Transcript
A (0:00)
Foreign quarters. All hands, man your battle stations.
B (0:12)
Welcome to wetsu, a Battleship New Jersey Podcast. I'm your host, Marshall Spivak, CEO of the Battleship New Jersey Museum and Memorial. Today's episode is sponsored by our friends at ELEC 825, the Labor Employer Cooperative of Operating Engineers Local 825, whose skilled members helped us prepare the battleship for its move to dry do last year. Today is a very special edition of WETU. It's all about Navy Marine Corps 250, the upcoming celebration of history and heritage right here in Philadelphia and Camden County, New Jersey, from October 9th to the 16th and again in November. Today's guest is George Leone. George is the president and chair of Homecoming 250, Navy Marine Corps, the charity coordinating the Navy Marine Corps 250th celebration. He's also a trustee here at the Battleship New Jersey. George previously served as a judge in the New Jersey Superior Court in Camden and the New Jersey Appellate Division. He was also Assistant United States Attorney in Camden and Chief of Appeals Division, the United States Attorney's Office for the District of New Jersey. He's the son of a World War II Navy veteran and a lifetime a lifelong military history student.

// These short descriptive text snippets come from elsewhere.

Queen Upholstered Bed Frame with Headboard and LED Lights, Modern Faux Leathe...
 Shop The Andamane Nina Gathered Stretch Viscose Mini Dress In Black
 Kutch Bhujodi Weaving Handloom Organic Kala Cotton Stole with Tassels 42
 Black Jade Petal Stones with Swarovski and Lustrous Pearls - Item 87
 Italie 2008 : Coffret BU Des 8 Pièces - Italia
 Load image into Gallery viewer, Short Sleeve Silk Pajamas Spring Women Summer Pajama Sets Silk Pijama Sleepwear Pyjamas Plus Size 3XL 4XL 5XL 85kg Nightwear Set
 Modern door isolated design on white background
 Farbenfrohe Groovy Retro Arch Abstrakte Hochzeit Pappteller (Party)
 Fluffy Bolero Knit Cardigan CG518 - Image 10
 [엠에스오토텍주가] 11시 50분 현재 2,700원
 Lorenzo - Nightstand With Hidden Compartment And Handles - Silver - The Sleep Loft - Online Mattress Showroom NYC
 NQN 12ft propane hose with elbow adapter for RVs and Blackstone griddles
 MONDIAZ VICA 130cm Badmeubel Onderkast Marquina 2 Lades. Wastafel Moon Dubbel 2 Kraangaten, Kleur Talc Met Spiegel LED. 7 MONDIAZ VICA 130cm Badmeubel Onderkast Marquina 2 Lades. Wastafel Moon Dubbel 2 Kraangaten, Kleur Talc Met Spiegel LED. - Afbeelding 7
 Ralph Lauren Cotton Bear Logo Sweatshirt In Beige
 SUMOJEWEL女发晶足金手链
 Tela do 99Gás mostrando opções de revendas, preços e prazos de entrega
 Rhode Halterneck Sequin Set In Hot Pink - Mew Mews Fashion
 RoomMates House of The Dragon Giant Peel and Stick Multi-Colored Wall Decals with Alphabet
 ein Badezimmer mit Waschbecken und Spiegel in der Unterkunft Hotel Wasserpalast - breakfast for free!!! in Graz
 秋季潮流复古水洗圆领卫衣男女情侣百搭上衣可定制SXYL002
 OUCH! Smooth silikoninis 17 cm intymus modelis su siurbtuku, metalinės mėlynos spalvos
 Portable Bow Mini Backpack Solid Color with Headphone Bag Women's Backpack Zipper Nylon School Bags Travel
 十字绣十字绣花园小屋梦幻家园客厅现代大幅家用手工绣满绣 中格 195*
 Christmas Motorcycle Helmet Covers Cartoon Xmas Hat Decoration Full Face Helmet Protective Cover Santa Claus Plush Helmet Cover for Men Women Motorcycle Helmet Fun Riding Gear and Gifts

He grew up here in South Jersey and is a graduate of Harvard College and the University of Chicago Law School. George, welcome to Wetsuit Marshall.
A (1:21)
Thank you for having me.
B (1:22)
Now I remember five years ago, you coming to a Battleship Board of Trustees meeting. You said you had this idea for something you wanted to do to celebrate the Navy's 250th birthday. I remember thinking at the time, that sounds like a great idea, but it's five years away. And just like that, we're here. So can you tell us a little bit about where the idea started from and how you really turned that idea into what it is today?
A (1:50)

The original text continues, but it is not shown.